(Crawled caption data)
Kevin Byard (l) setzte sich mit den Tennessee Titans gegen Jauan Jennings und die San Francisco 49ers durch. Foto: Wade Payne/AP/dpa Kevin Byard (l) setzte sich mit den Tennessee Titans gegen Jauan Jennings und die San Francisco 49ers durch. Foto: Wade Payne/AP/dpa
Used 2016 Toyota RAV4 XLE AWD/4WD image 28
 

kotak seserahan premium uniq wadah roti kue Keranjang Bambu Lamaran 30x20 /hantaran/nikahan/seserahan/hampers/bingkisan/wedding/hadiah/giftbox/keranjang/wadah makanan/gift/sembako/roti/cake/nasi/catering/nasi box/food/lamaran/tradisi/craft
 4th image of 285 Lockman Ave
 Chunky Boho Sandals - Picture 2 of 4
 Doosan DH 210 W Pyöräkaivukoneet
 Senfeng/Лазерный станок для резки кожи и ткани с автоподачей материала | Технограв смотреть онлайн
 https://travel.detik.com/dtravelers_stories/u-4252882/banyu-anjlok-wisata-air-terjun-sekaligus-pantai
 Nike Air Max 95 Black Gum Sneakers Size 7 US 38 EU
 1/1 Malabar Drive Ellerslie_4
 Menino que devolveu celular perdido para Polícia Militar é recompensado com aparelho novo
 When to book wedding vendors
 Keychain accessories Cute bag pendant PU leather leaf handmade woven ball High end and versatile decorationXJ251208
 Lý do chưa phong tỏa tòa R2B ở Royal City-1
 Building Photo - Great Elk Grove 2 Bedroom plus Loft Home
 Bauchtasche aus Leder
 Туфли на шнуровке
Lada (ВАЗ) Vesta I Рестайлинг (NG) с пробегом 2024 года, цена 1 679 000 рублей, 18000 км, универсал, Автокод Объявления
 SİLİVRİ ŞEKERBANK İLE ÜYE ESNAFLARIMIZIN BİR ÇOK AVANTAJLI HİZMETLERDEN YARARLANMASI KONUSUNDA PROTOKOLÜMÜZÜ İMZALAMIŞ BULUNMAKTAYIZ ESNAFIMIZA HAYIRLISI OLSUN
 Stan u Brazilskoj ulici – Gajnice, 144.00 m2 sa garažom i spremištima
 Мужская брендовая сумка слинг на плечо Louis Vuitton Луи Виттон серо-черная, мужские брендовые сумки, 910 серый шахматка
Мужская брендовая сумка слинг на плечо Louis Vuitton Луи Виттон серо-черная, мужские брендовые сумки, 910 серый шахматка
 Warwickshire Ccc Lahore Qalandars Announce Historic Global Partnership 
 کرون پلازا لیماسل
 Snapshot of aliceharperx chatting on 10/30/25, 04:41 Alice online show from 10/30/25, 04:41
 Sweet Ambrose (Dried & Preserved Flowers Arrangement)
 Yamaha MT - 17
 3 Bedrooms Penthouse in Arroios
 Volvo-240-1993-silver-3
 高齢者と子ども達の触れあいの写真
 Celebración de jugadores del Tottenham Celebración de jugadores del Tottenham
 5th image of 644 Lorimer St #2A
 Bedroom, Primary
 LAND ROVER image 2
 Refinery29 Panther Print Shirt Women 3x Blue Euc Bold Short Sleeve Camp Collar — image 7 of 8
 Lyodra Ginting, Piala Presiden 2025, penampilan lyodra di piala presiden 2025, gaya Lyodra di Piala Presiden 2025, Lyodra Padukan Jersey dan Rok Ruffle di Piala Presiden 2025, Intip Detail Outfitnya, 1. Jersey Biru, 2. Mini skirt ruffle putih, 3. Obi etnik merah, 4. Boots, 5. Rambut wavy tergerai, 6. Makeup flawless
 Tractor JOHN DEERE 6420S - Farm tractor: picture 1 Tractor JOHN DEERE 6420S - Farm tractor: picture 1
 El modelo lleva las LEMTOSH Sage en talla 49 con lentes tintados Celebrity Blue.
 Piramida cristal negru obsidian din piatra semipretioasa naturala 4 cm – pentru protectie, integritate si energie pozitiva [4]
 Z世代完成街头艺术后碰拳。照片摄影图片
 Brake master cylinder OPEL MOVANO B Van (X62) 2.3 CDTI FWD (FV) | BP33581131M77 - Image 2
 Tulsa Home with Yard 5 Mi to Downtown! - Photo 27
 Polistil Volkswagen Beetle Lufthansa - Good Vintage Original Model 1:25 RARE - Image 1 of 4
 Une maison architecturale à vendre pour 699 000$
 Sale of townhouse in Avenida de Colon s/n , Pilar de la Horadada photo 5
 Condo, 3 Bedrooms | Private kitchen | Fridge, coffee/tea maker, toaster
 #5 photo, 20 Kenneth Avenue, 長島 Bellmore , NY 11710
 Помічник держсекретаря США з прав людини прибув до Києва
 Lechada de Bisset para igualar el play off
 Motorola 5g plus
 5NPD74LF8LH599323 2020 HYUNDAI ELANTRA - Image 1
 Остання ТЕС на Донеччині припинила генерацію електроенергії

#### [TASK INSTRUCTIONS]
The lines from the first of the entries through the line holding "4th image of 285 Lockman Ave" are to be restated word for word, and no others.

#### [ANSWER BELOW]
Kevin Byard (l) setzte sich mit den Tennessee Titans gegen Jauan Jennings und die San Francisco 49ers durch. Foto: Wade Payne/AP/dpa Kevin Byard (l) setzte sich mit den Tennessee Titans gegen Jauan Jennings und die San Francisco 49ers durch. Foto: Wade Payne/AP/dpa
Used 2016 Toyota RAV4 XLE AWD/4WD image 28
 

kotak seserahan premium uniq wadah roti kue Keranjang Bambu Lamaran 30x20 /hantaran/nikahan/seserahan/hampers/bingkisan/wedding/hadiah/giftbox/keranjang/wadah makanan/gift/sembako/roti/cake/nasi/catering/nasi box/food/lamaran/tradisi/craft
 4th image of 285 Lockman Ave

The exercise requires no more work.